Costa Dei Rosmarini
Many years ago,Luisa and Gian Marco Petrelli, discovered a charming but abandoned house made of stone surrounded by olive trees in the Tigullio Gulf area, right in front of the famous Portofino village. They started renovating the house with love, preserving the ancient taste of Liguria. Luisa, a gourmand and senior member of the Italian Academy of Cuisine, started a limited production of high quality extra virgin olive oil for top cuisine and gourmets in 1995 . The first customer was the famed Hotel Cipriani in Venice. Since then, other prestigious hotels and famous chefs decided to buy her oil, attesting to its fine flavor and high quality. Costa dei Rosmarini olive oil is bottled in Imperia in small quantities and its superior quality is constantly controlled by professional olive oil tasters.
Liguria
Liguria is a narrow arch over the northern part of the Mediterranean with 220 miles of coastline. The Alps and the Apennine Mountains that are the backdrop form a barrier against the cold northern winds, keeping the weather mild even in midwinter. Ligurians live in the tiny strip of land between the sea and the mountains that rise steeply a few miles inland.
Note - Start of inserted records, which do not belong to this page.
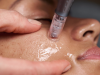 Pro Nanoneedling Dermalogica 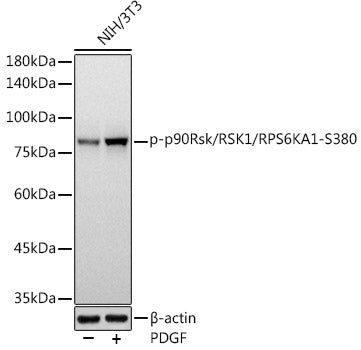 Phospho-p90Rsk/RSK1/RPS6KA1-S380 Rabbit mAb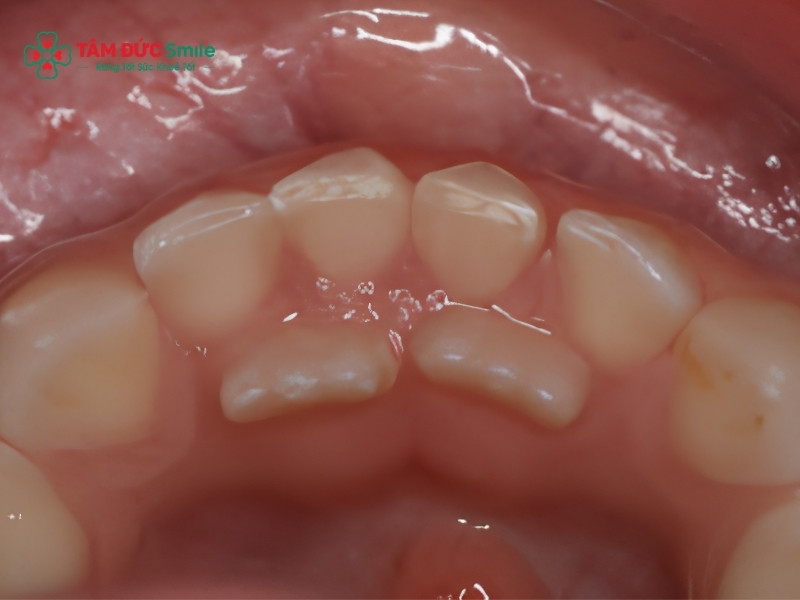 Tại sao răng sữa chưa rụng đã mọc răng mới? Cách xử lý đúng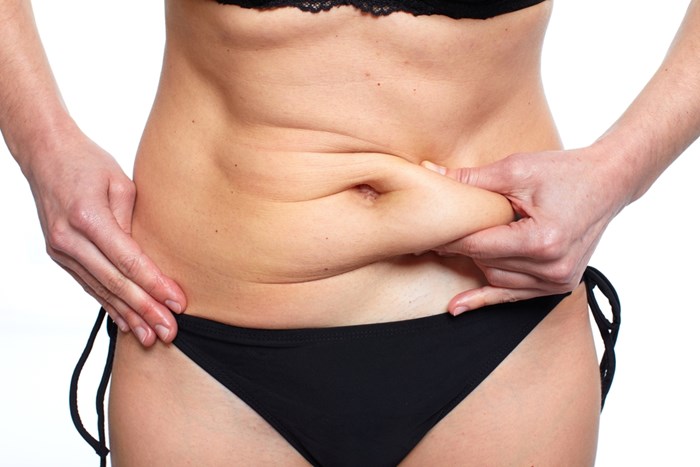 Tummy Tuck: Procedure, Benefits, and Risks 1 tummy tuck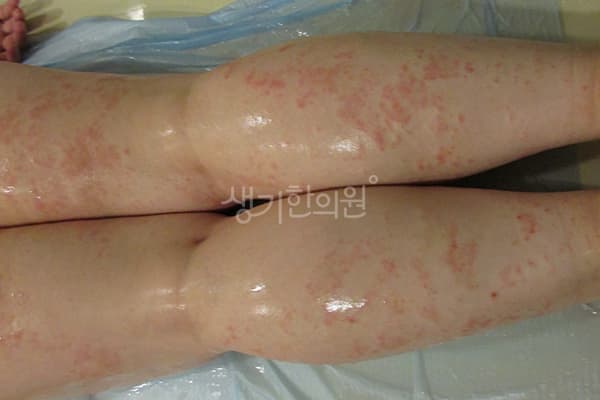 두드러기 치료 전 사진 — 부산서면점, 치료 기간 3개월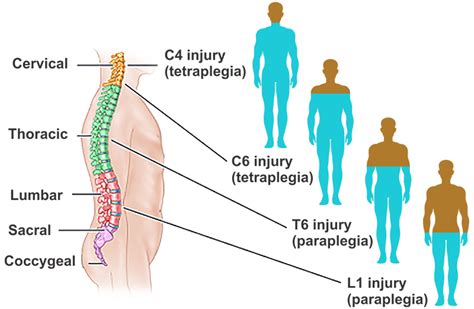 An injury to the spinal cord interrupts messages between the brain and the rest of the body, causing a loss the spinal cord is responsible for communicating two way messages to and from the brain to all areas of the it is mandatory to procure user consent prior to running these cookies on your website. Spinal Cord Injury - Stem Cell Therapy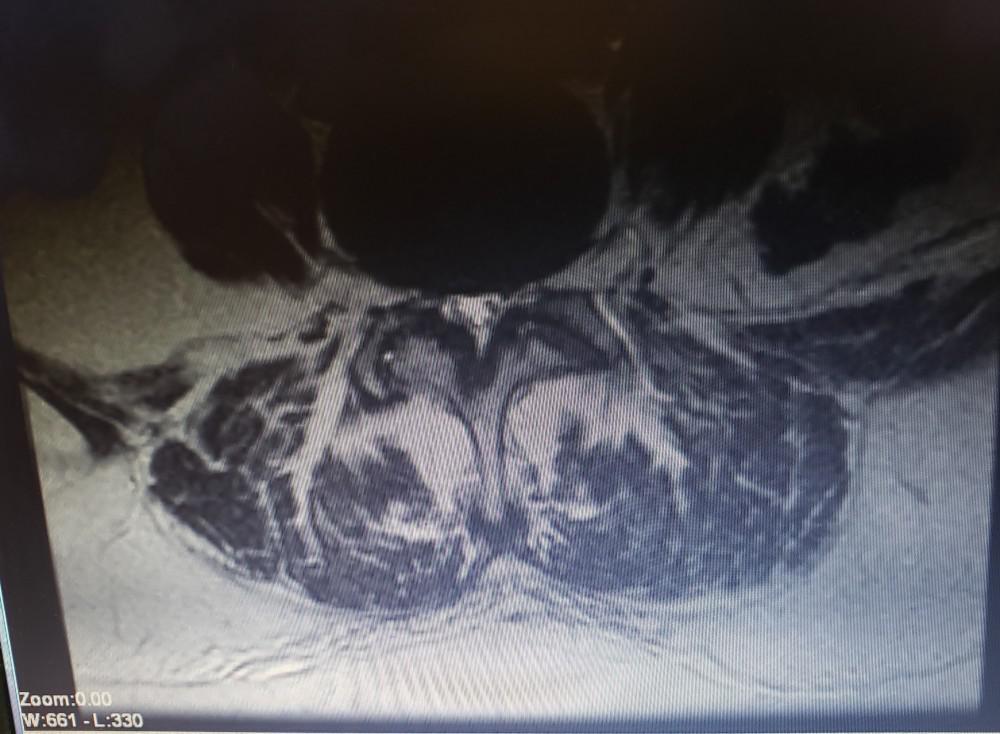 xray spinal stenosis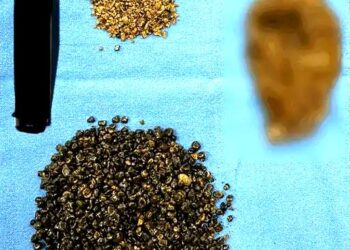 गुरुग्राम में मरीज के गॉल ब्लैडर से 8125 पथरी निकाली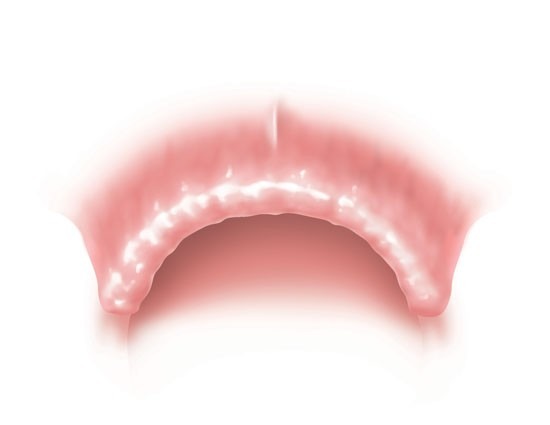 Fixed-Implant-Supported-Porcelain-Bridges-1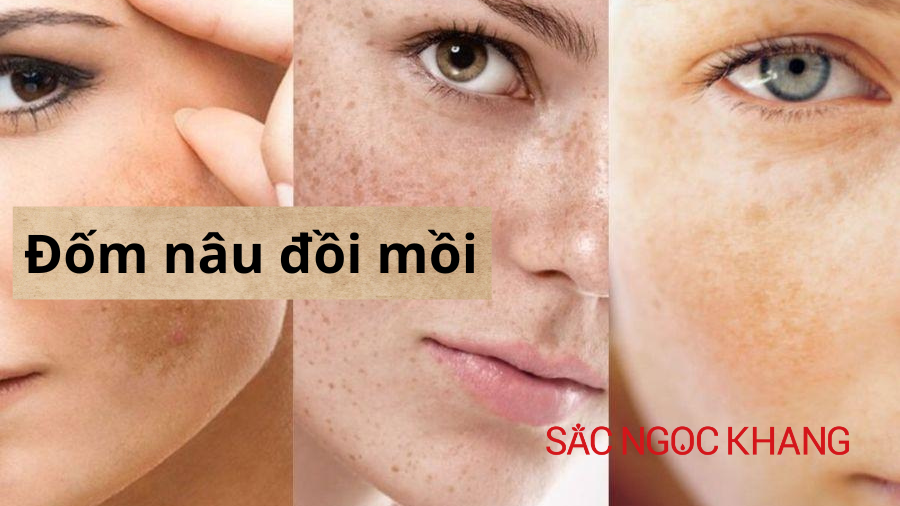 Đốm nâu đồi mồi – Dấu hiệu tuổi tác hay lời cảnh báo từ làn da?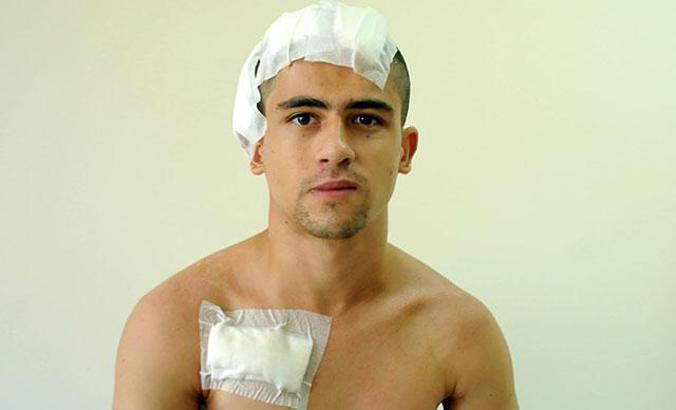 Distoniden beyin pili ile kurtuldu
Liguria's temperate environment produces luscious vegetables and a wealth of wild salad greens and aromatic herbs, including basil, rosemary, thyme, and marjoram. Olives--local, delicate golden olives called la taggiasca--are abundant. They are used to produce a light, sweet oil that is only fat used in local cooking. The beauty of Ligurian cuisine lies in its simplicity and balance. Pesto is the quintessential example of the delicate Ligurian touch. It was this crushed basil sauce that put this region's name on the culinary map, and Ligurian pesto is the best in the world. Another shining example of Liguria's classic simplicity is its focaccia, the oil-drizzled, rosemary-flecked flatbread that's taken American bakeries by storm. Surprisingly, fish doesn't figure prominently in this coastal region's cuisine; that's because the Ligurian Sea doesn't harvest much. Because the region is also pastureless, Ligurians depend on chicken and rabbit for meat.